Raunchy poetry, austere prose—Suri dissects Bollywood’s Manichean need to veil desire

Trees Are From Eden
Trees Are From Eden
outlookindia.com
2019-10-12T10:39:37+05:30

With characters sticking on our minds and the songs staying in our hearts, Boll­y­wood has turned repe­titive scripts into a sub-culture of obs­e­ssive cinema from which there has been no esc­ape. More by des­ign than default, songs convey what the script cannot, in ref­lecting the overt and covert anxieties and aspirations of both characters and viewers. The combined eff­ect of these two parallel strands cre­ated cinematic possibilities of car­r­ying forward the moral overtone of post-­Independence reconstruct­ion of soc­iety on Gandhian princip­les of simplicity and celibacy. In his frame by frame decadal analysis of popular films, Sanjay Suri sets out to establish that their dominant idiom gets reinforced through moral obligations of the hero, reflec­ted in his retreat from wealth and des­ire. In this intriguing analysis, cin­­ema emerges as the creative paradox that triggers desire in the guise of austerity.    

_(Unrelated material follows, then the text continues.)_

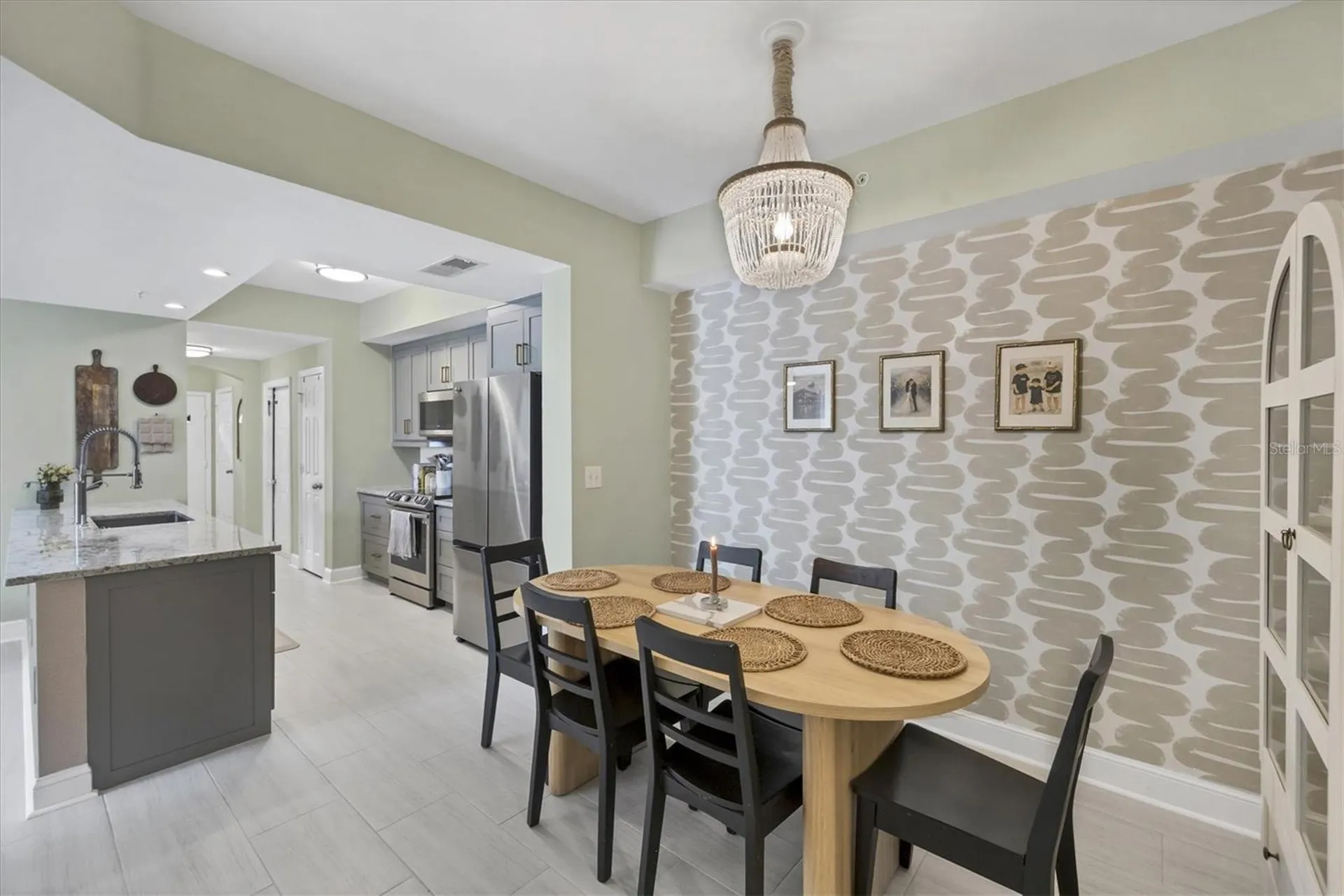 5711 Bentgrass Drive Sarasota FL 34235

A Gandhian Affair is as much exhilarating as entertaining in revealing a contrived method of film-making that cinematically projects the cultural nec­essity of rejecting desire. As viewers continue to identify with it, storytellers churn out much of the same stuff again and again. With slight deviation, however, desire in song and surrender in script makes our cinema stand out in its texture. Suri’s contention is it couldn’t have been any other way, and there are any number of examples—from Mother India to Naya Daur and from Ram aur Shyam to Lage Raho Munna Bhai—to show how cinema def­ined its boundaries for and in a conservative society. Yet, the linear jux­­­t­aposition is not without its share of ambiguity! While the heroine resting her head in the lap of a man she was close to had outraged audiences, prompting change in the ending of Sahib Bibi aur Ghulam, the most sexual song, Aaj sajan mohe ang laga re, janam safal ho jaye, was curiously accepted by all.